REQUIREMENT: Make an exact copy, without pictures, of the lines below from the one containing "this 883×683 image." to the last line, both ends included.

MATERIAL SUPPLIED:

- - - - - - -

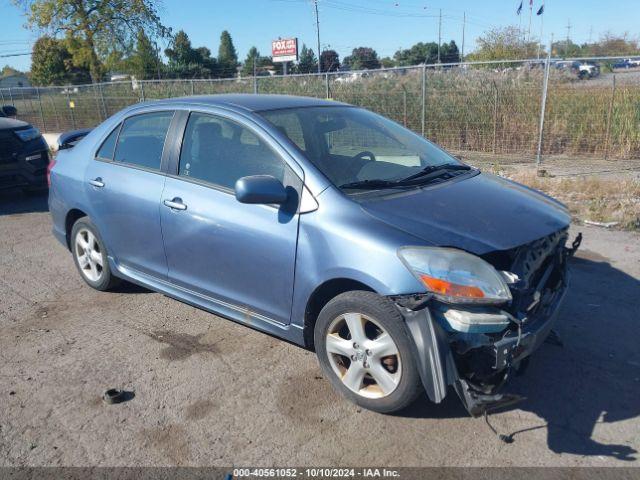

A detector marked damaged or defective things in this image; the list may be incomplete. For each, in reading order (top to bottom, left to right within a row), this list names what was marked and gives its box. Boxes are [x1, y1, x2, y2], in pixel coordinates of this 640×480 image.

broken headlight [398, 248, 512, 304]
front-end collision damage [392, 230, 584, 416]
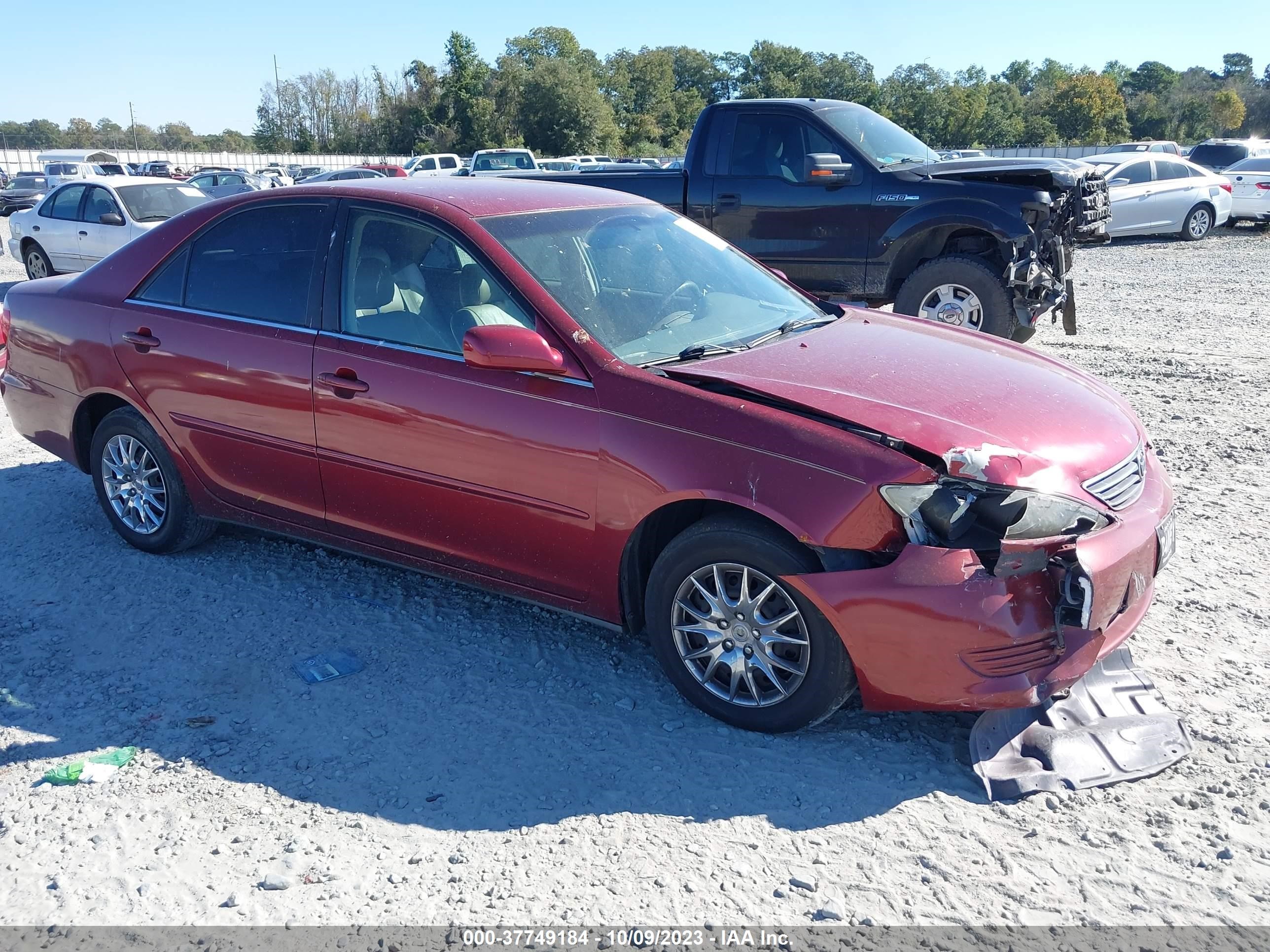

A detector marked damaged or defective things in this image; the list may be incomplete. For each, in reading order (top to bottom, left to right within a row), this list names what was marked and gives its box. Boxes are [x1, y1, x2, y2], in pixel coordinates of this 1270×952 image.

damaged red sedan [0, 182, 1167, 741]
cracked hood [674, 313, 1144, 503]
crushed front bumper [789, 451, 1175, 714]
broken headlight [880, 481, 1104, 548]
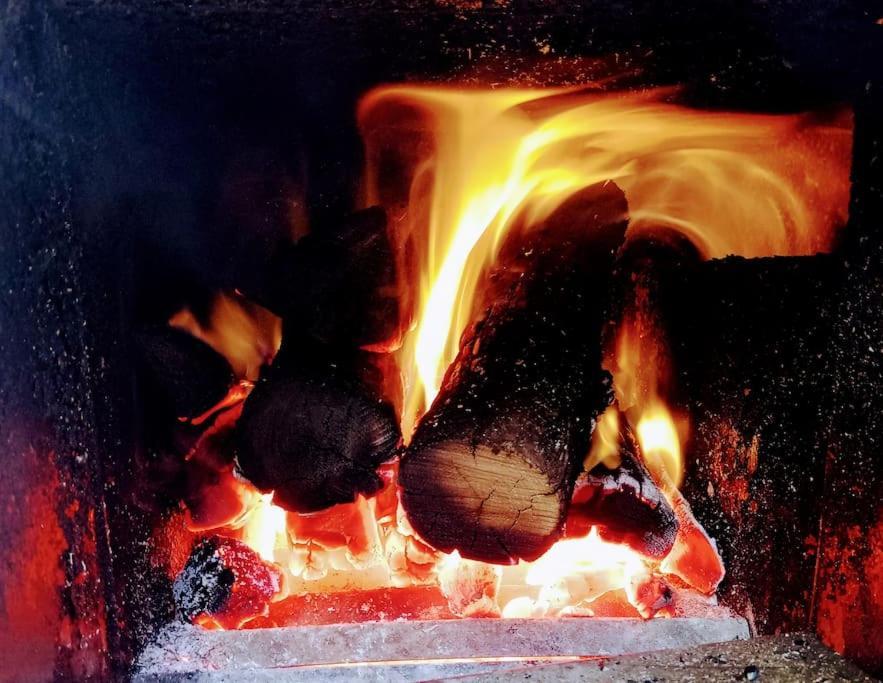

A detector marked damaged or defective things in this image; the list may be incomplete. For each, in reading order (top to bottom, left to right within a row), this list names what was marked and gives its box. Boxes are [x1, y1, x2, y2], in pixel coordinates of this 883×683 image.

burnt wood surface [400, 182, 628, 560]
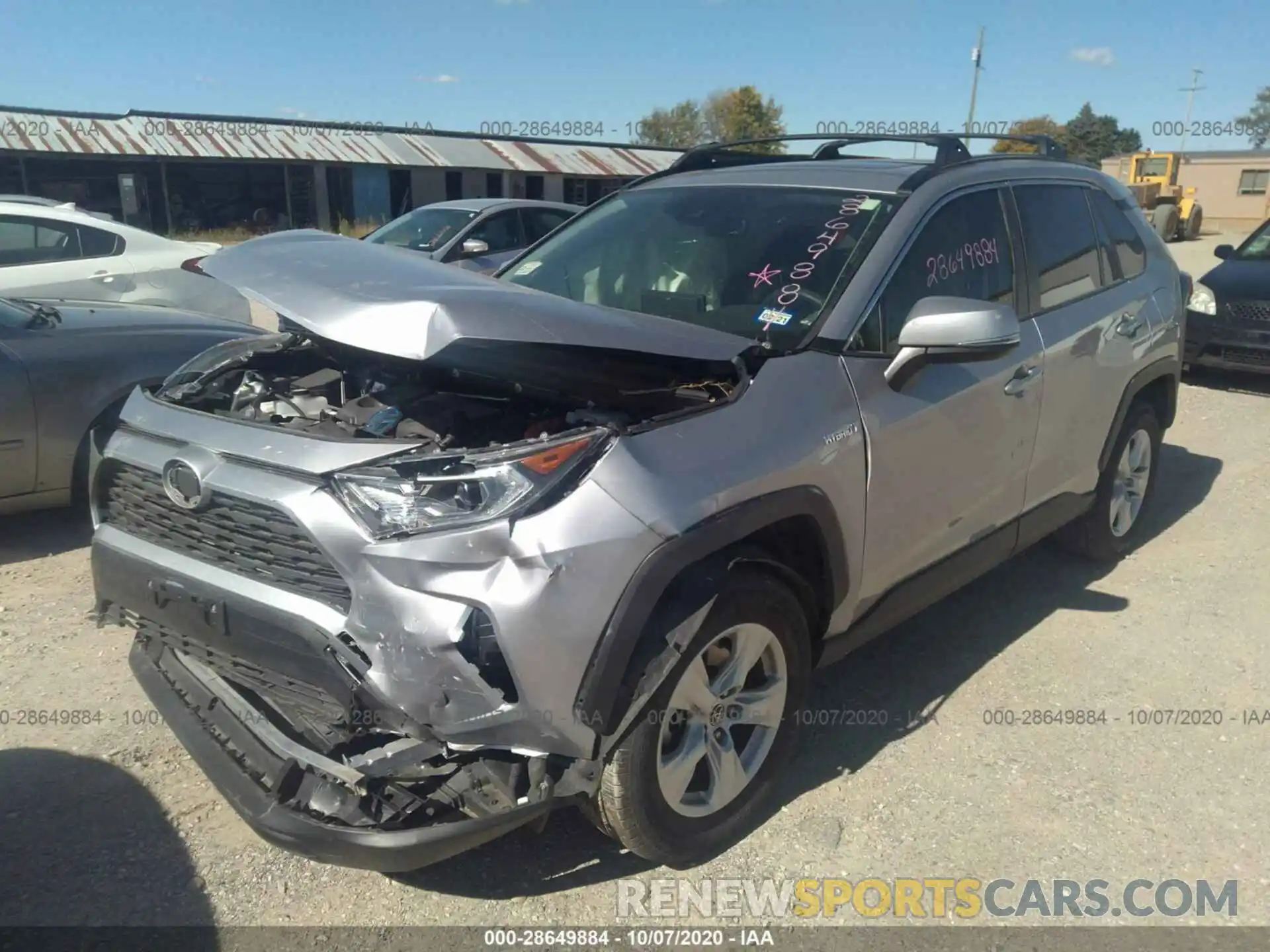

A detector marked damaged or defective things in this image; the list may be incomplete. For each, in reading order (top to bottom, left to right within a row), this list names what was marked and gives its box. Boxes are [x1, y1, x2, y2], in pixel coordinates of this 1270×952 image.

- - - - - - -

WRITTEN SOLUTION:
A detector marked damaged or defective things in this image; the list may be incomplete. For each, in reading order (top to bottom, left to right within a row), this list names what was marked and gives its box. Boxes are [x1, y1, x2, y2], in pixel coordinates of this 883×683 image.

burnt wood surface [400, 182, 628, 560]

A detector marked damaged or defective things in this image; the list may be incomplete. For each, in reading order (top to bottom, left to right within a row), this list names what was marked and gives its box. Boxes are [x1, y1, x2, y2], in pixel coordinates of this 1270×952 image.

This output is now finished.